» **Problem requirements**
Search the material for "with" and show all lines that contain it.

____ Data to process

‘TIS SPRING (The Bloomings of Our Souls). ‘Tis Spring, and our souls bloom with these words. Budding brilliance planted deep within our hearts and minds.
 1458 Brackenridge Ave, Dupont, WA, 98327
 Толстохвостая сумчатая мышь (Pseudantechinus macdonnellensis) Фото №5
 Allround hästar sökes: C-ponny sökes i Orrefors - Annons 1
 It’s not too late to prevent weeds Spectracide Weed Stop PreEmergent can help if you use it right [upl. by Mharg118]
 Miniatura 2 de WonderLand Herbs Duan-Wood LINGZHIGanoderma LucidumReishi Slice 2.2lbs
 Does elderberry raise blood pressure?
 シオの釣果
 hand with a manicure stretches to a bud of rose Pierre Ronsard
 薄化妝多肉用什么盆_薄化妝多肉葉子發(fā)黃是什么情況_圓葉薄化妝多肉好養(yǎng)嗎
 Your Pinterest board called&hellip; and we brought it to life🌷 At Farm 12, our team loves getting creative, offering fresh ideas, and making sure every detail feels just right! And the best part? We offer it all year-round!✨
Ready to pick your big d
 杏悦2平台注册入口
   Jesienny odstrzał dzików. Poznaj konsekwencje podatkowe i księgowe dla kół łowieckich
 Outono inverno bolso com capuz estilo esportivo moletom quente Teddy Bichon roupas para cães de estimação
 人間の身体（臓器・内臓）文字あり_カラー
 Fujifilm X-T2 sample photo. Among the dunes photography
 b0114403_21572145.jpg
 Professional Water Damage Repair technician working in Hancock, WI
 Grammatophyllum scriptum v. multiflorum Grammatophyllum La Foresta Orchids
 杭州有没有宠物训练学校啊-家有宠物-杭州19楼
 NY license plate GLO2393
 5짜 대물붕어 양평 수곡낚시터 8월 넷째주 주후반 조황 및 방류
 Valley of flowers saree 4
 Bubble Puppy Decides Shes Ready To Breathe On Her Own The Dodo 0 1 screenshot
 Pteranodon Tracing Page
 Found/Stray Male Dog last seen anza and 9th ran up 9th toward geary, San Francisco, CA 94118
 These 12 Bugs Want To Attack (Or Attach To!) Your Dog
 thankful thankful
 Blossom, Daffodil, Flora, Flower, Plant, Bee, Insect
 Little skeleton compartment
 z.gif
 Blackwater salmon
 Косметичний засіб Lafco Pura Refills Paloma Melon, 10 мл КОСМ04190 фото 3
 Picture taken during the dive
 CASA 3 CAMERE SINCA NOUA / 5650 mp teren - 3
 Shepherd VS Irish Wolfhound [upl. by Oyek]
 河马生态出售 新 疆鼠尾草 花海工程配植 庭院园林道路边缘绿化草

________

» **Response to the exercise**
‘TIS SPRING (The Bloomings of Our Souls). ‘Tis Spring, and our souls bloom with these words. Budding brilliance planted deep within our hearts and minds.
 hand with a manicure stretches to a bud of rose Pierre Ronsard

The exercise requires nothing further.